Selasa, 7 Oktober 2025

Pengamat: Dasar Mafia! Harga Beras Naik Rp5.000 Saat Stok Melimpah, Produsen Besar Manipulasi Harga

Pengamat pangan sekaligus Koordinator AMPPI Debi Syahputra mengecam keras praktik manipulasi harga beras oleh produsen besar. 

Editor: Choirul Arifin
Warta Kota/Yulianto
MANIPULASI HARGA BERAS - Pembeli mengecek kualitas beras di Pasar Induk Beras Cipinang, Jakarta, Selasa (15/7/2025). Pengamat pangan sekaligus Koordinator Aliansi Masyarakat Penyelamat Pertanian Indonesia (AMPPI) Debi Syahputra mengecam keras praktik manipulasi harga beras oleh produsen besar.  

TRIBUNNEWS.COM, JAKARTA – Pengamat pangan sekaligus Koordinator Aliansi Masyarakat Penyelamat Pertanian Indonesia (AMPPI), Debi Syahputra, mengecam keras praktik manipulasi harga beras oleh produsen besar.

Di tengah stok cadangan beras nasional yang mencapai 4,2 juta ton, yang seharusnya membuat harga stabil, beras justru dijual seharga Rp17.000/kg, meskipun kualitasnya rendah dengan kadar beras patah 30–59 persen. Seharusnya harga hanya Rp12.000/kg. 

“Ini penipuan terhadap konsumen sebesar Rp5.000/kg. Bisa dibayangkan, jika yang dijual 2 juta ton, kerugian konsumen mencapai Rp10 triliun," ujarnya.

"Ini bukan soal stok atau produksi, ini murni ulah mafia pangan yang menahan pasokan dan mengatur pasar demi keuntungan pribadi. Dasar mafia!” tegas Debi, Jumat (15/8/2025).

Menurut Debi, para pendukung produsen besar justru gencar bersuara di media sosial, podcast, dan berbagai forum, mempersoalkan istilah beras oplosan, menuding HPP gabah terlalu tinggi, hingga membangun narasi bahwa Bulog menyerap habis gabah di lapangan.

“Faktanya, Bulog hanya menyerap 8 persen sementara swasta 92 persen. Inilah pendukung mafia yang menyerang balik karena gagal meraih keuntungan sebesar-besarnya,” ujarnya.

Ia menambahkan, klaim sejumlah pengamat bahwa pangsa pasar beras premium hanya 5 persen juga tidak benar, karena data BPS menyebut porsinya mencapai 39,75 persen.

Temuan Kementan menunjukkan beras yang dijual itu layak disebut beras biasa karena kadar patahnya 30–59 persen, jauh di atas standar maksimal 15 persen.

Padahal, harga gabah di Jawa Timur, Jawa Tengah, dan Jawa Barat mulai turun, sehingga harga beras seharusnya ikut terkoreksi. Namun produsen besar tetap menjaga harga tinggi dengan membeli gabah di atas harga pasar untuk mematikan penggilingan kecil dan menengah.

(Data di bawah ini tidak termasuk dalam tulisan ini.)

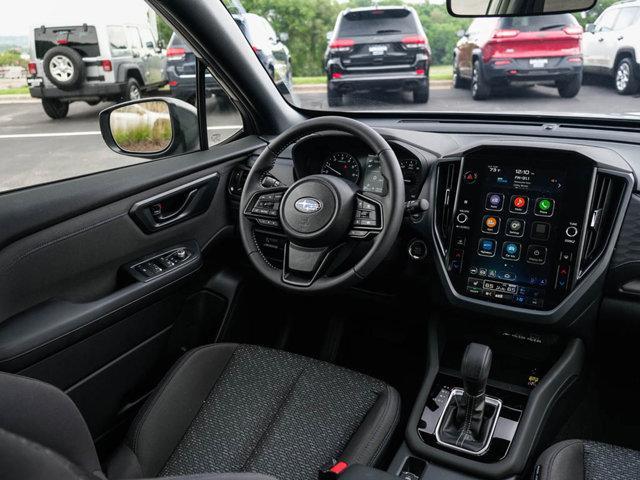 new 2025 Subaru Forester car, priced at $32,424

Debi mengamini pernyataan Menteri Pertanian Andi Amran Sulaiman bahwa struktur industri penggilingan padi timpang.

Produksi padi nasional hanya 65 juta ton gabah kering panen, sementara ada 161.000 penggilingan kecil dengan kapasitas total 116 juta ton per tahun dan banyak yang mati suri. 

Kondisi ini semakin parah sejak 15–20 tahun terakhir, ketika ribuan penggilingan besar dan sedang masuk dengan kapasitas tambahan 50 juta ton, merebut 40–50 persen bahan baku dari penggilingan kecil. 

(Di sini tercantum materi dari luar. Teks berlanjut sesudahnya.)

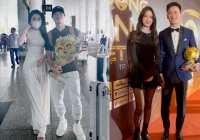 Em gái “chân dài” của hội cầu thủ: Em gái Đặng Văn Lâm cao gần 1m80, em gái Văn Toàn được “đẩy thuyền” với Tiến Linh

“Mereka sanggup membeli gabah Rp7.000, sedangkan penggilingan kecil hanya Rp6.500–Rp6.700. Akibatnya ekonomi kecil terganggu, harga beras melonjak, dan rakyat menjadi korban. Ini bukti ketidakadilan ekonomi karena konglomerat menindas pelaku usaha kecil,” ujarnya.

Baca juga: Mentan Amran Bongkar Penyebab Harga Beras Naik Disaat Stok Melimpah

Fenomena ini, lanjut Debi, menjadi antitesis hukum pasar yang mengatakan suplai besar membuat harga turun.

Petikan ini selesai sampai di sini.